## WHAT IS NEEDED
Could you set down the listing below exactly and omit its images?

## PROVIDED MATERIAL
%%
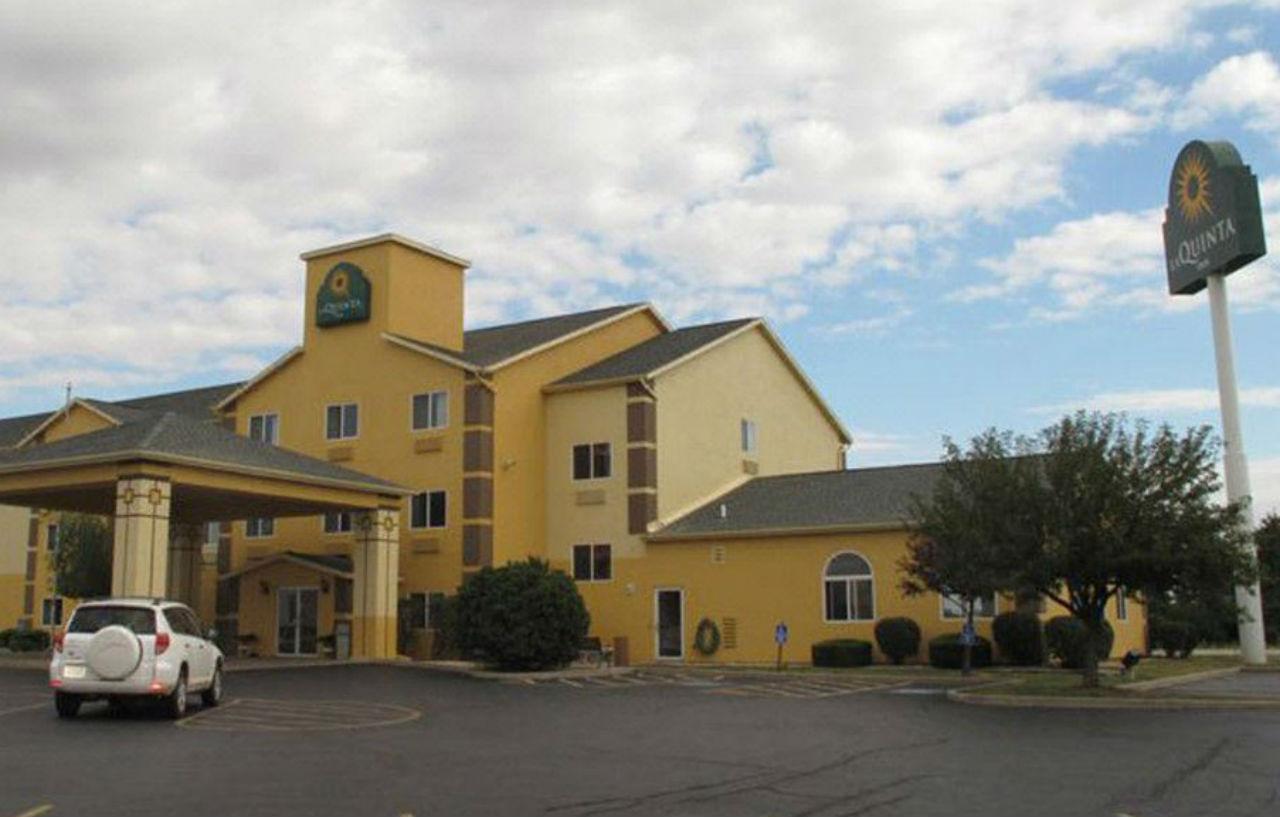 La Quinta Inn & Suites By Wyndham Peru Starved Rock St Park Buitenkant foto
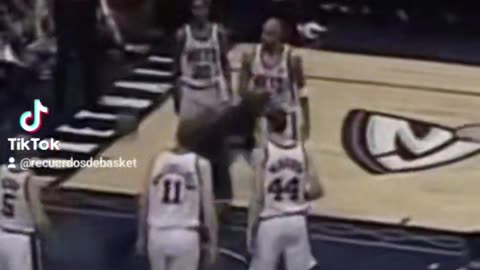 Shaquille O'Neal es "El Artículo 34"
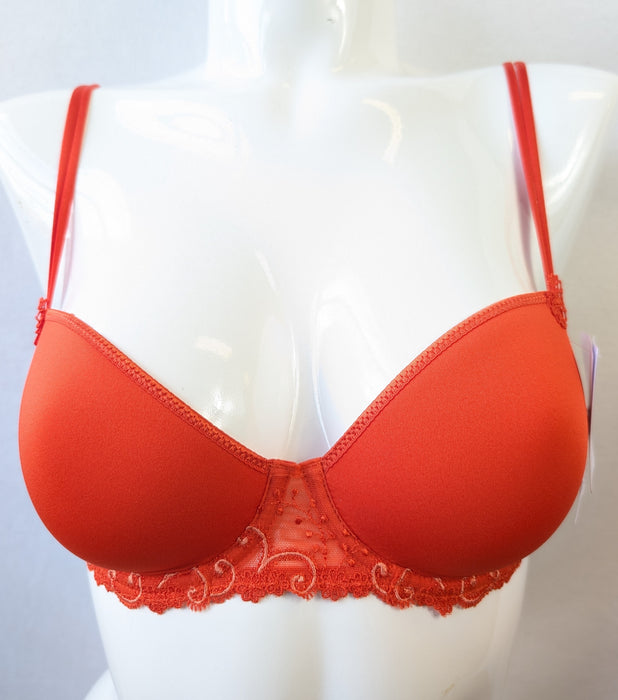 Simone Perele Delice, a tshirt bra for great shape. Style 12X343. Color Tangerine. Front view.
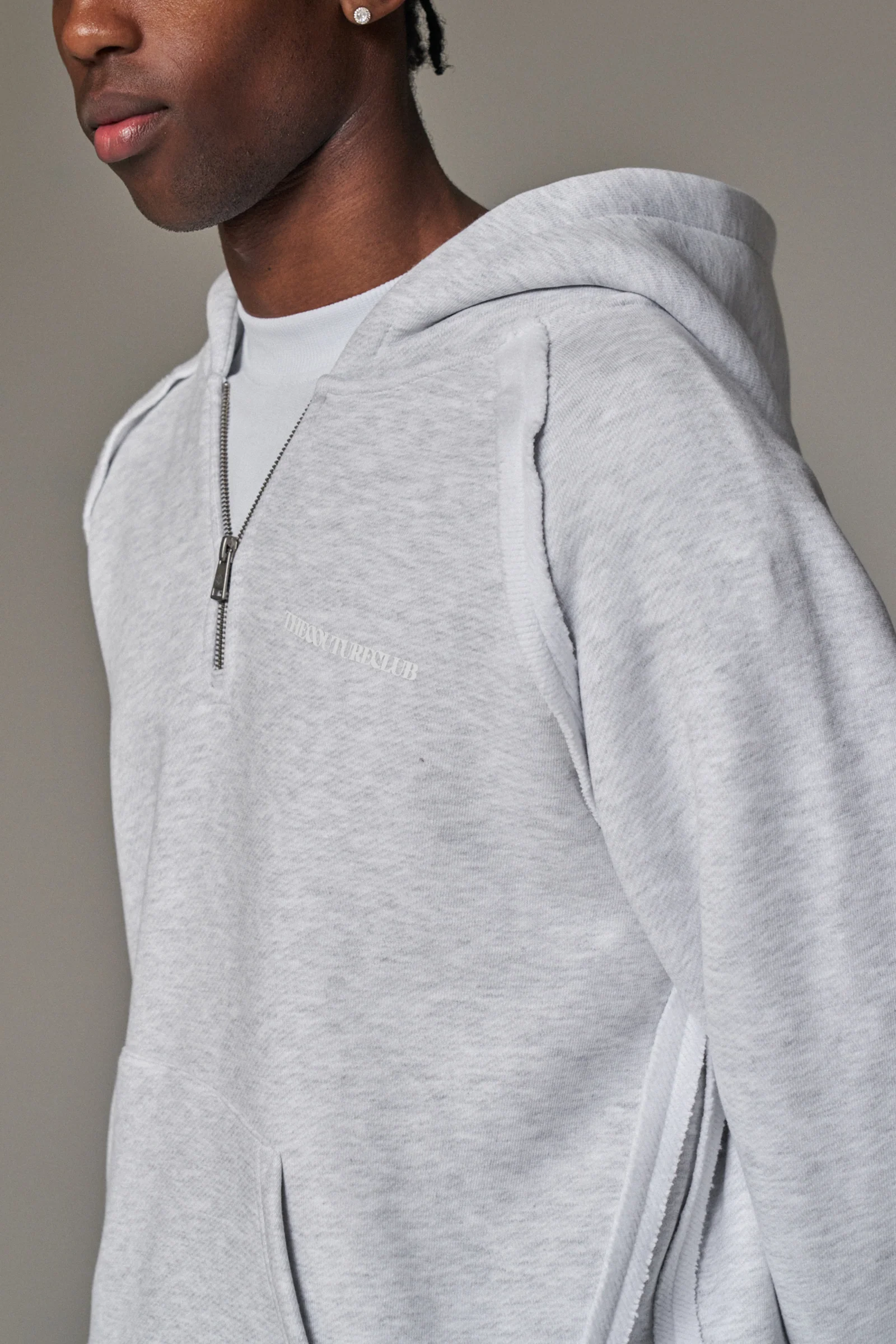 COPYRIGHT QUARTER ZIP HOODIE - GREY MARL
%%
## FINAL ANSWER
 La Quinta Inn & Suites By Wyndham Peru Starved Rock St Park Buitenkant foto
 Shaquille O'Neal es "El Artículo 34"
 Simone Perele Delice, a tshirt bra for great shape. Style 12X343. Color Tangerine. Front view.
 COPYRIGHT QUARTER ZIP HOODIE - GREY MARL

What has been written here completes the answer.